PROBLEM REQUIREMENTS - In the entries below, find the line with "A woman sets" and the line with "Joyful white adult". Repeat exactly everything between them, those two lines included, but not the pictures.

--- DATA TO EXAMINE ---

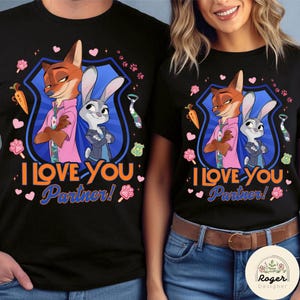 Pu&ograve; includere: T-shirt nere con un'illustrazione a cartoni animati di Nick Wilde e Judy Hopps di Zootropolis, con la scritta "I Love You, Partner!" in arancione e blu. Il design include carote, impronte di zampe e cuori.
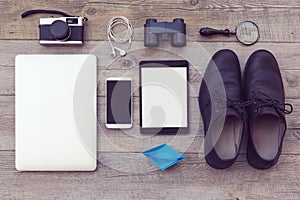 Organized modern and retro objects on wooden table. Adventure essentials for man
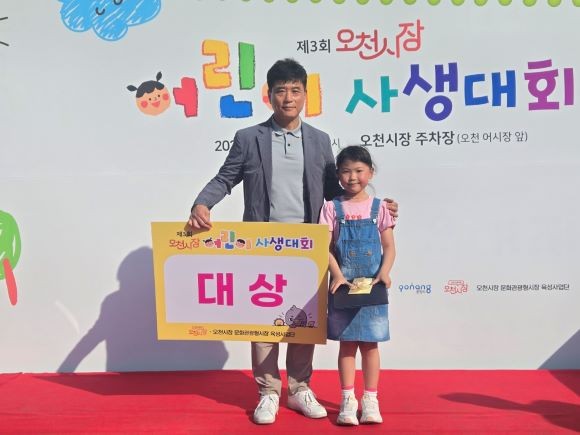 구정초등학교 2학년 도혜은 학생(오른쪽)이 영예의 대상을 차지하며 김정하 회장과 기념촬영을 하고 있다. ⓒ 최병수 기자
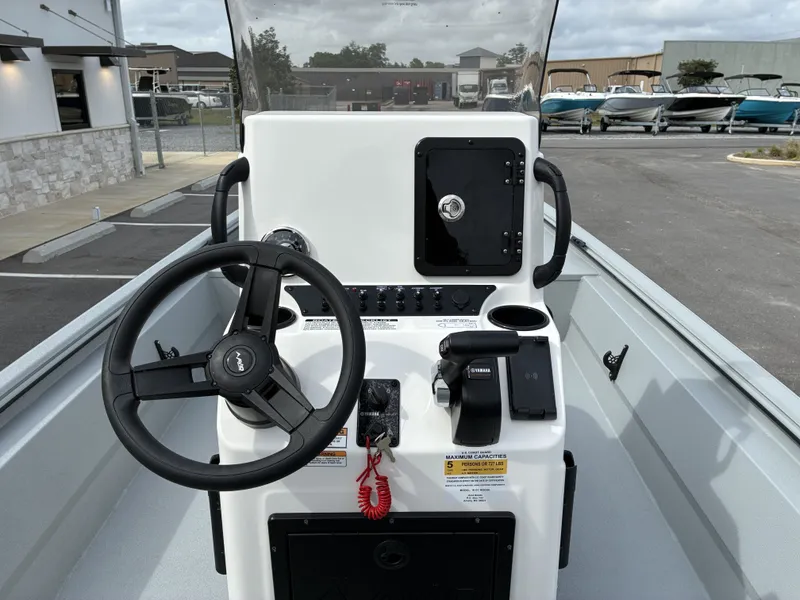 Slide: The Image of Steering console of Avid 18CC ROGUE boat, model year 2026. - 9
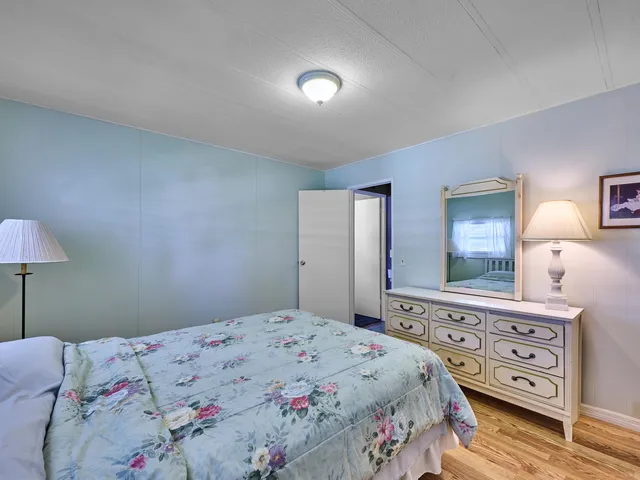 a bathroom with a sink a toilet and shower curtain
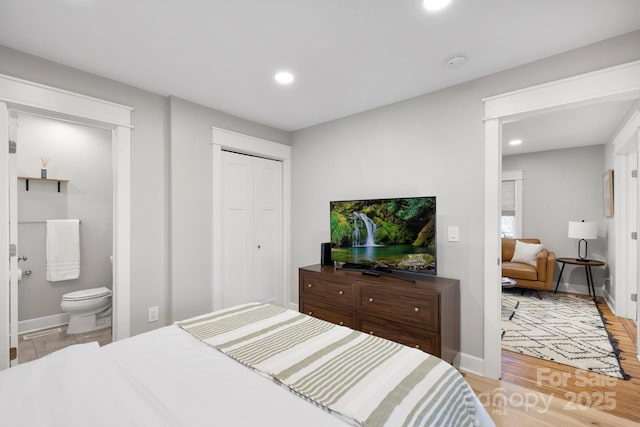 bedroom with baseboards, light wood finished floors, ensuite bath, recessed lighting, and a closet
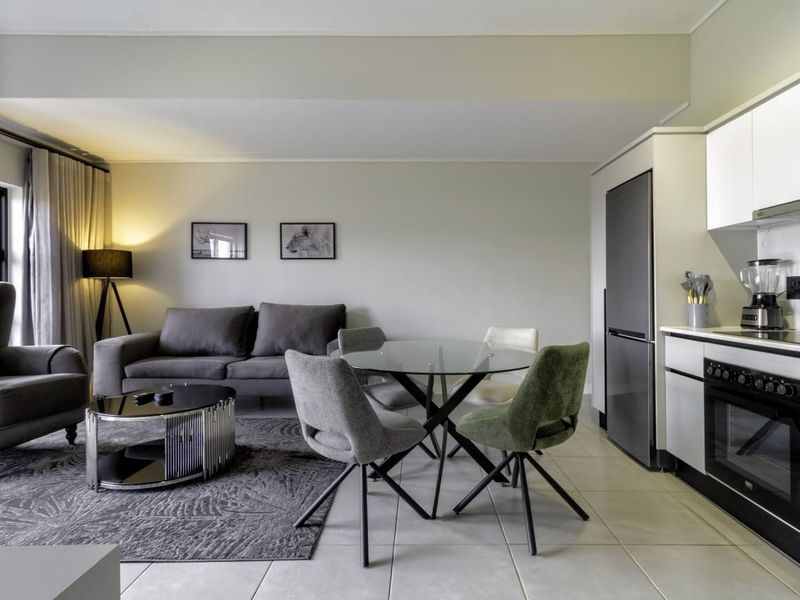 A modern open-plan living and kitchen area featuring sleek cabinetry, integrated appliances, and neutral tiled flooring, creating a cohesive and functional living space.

---
--- DATA TO EXAMINE ---

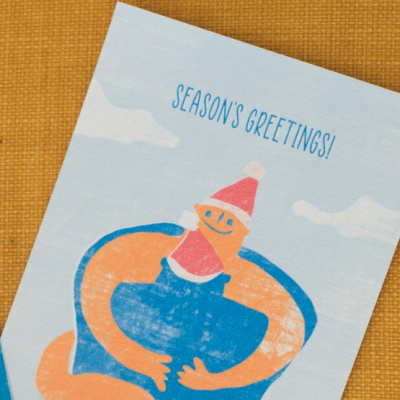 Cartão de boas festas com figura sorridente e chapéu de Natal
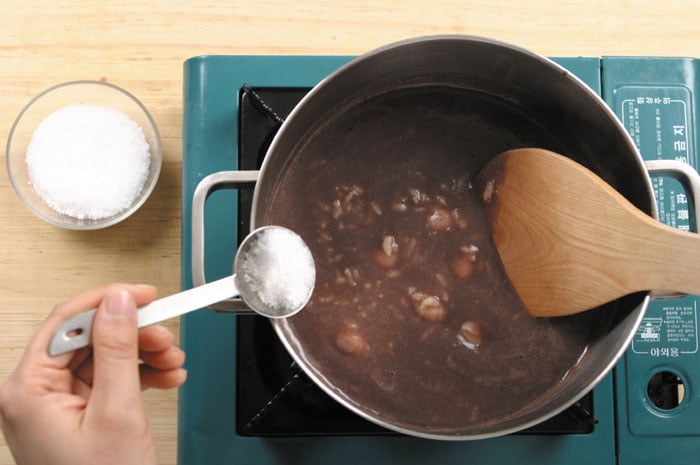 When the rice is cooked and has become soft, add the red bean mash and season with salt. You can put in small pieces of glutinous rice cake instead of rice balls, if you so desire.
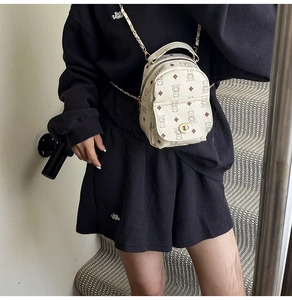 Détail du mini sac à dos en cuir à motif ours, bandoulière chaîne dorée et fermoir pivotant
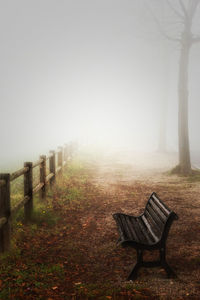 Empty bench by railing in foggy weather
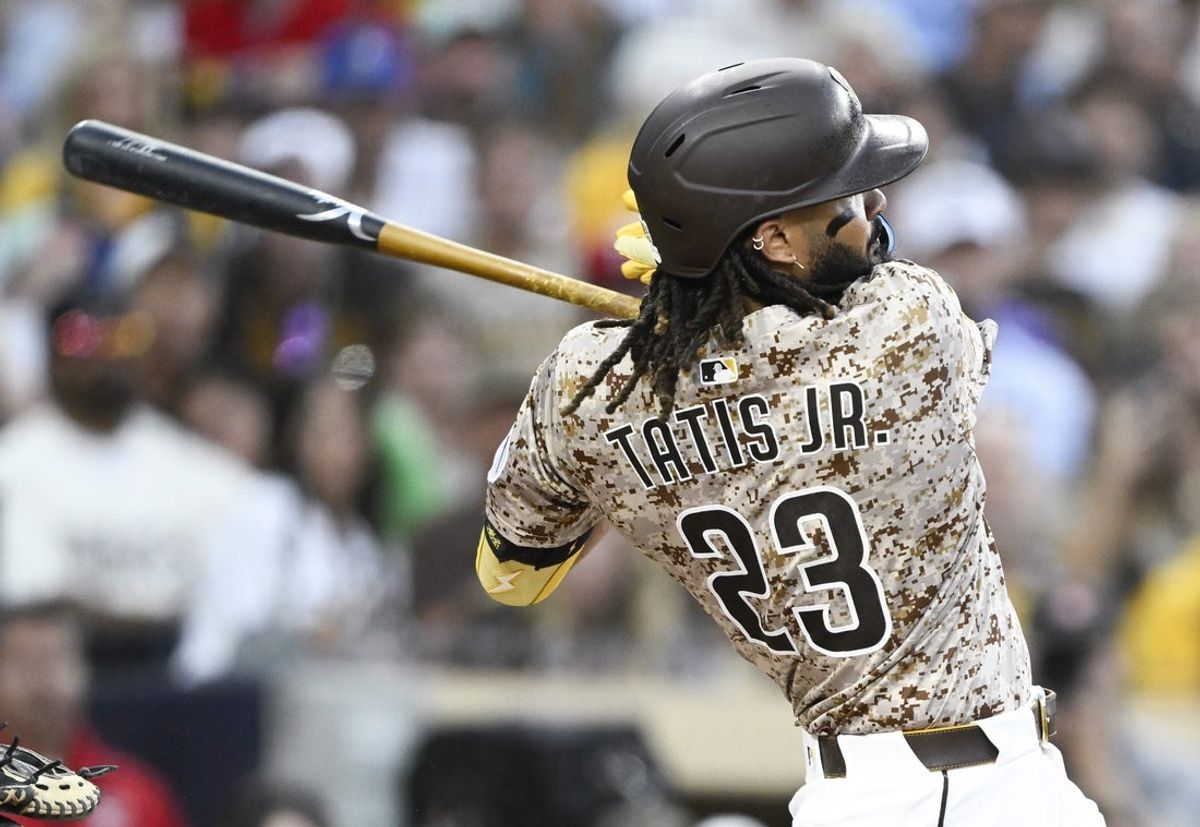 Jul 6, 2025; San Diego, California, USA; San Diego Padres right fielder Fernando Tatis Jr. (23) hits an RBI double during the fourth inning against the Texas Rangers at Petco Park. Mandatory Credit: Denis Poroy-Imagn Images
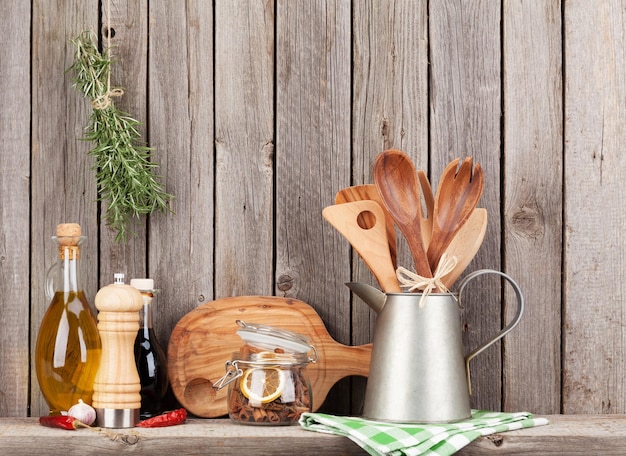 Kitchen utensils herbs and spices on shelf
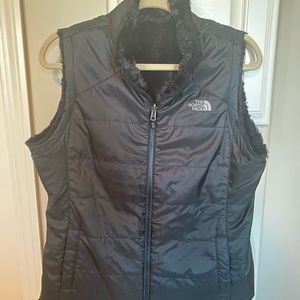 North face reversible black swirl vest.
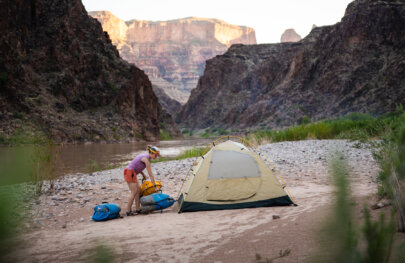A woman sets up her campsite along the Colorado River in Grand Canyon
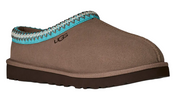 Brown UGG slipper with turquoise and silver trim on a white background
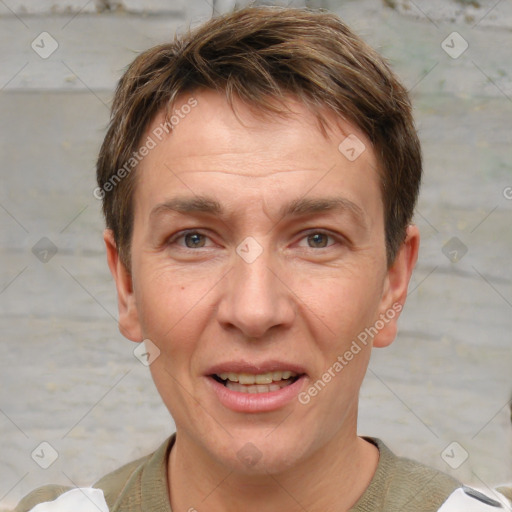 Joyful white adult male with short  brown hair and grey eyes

---
--- DATA TO EXAMINE ---

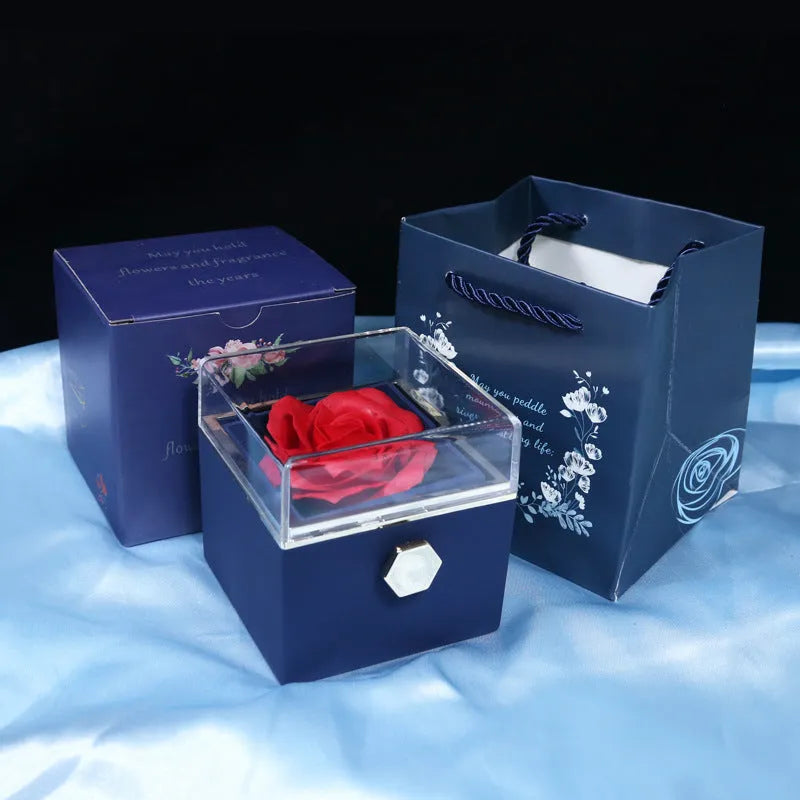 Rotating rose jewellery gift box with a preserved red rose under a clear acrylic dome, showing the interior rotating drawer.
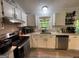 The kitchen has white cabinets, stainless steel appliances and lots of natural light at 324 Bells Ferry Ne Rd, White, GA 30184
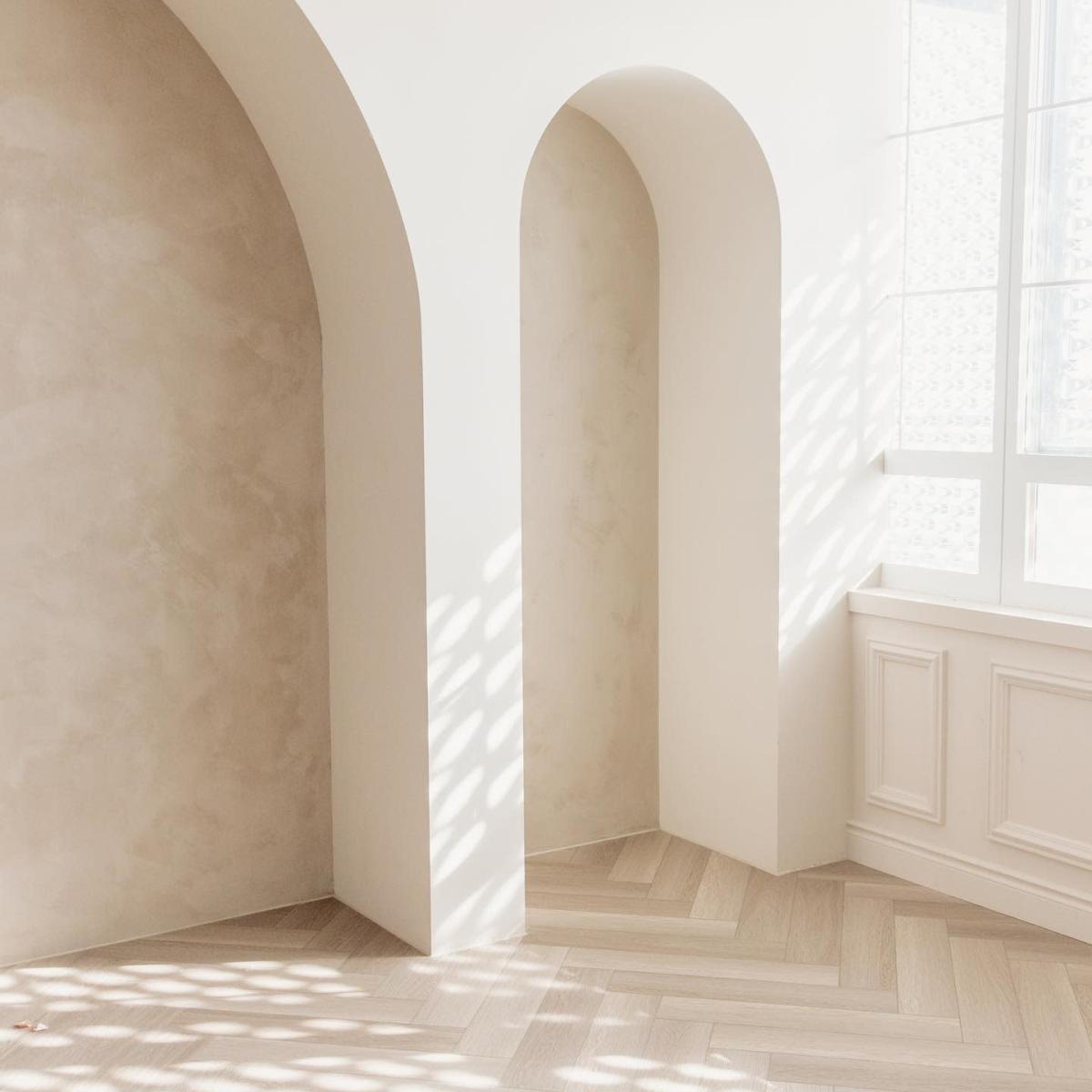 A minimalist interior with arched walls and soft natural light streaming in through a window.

---

TASK RESULT -
A woman sets up her campsite along the Colorado River in Grand Canyon
 Brown UGG slipper with turquoise and silver trim on a white background
 Joyful white adult male with short  brown hair and grey eyes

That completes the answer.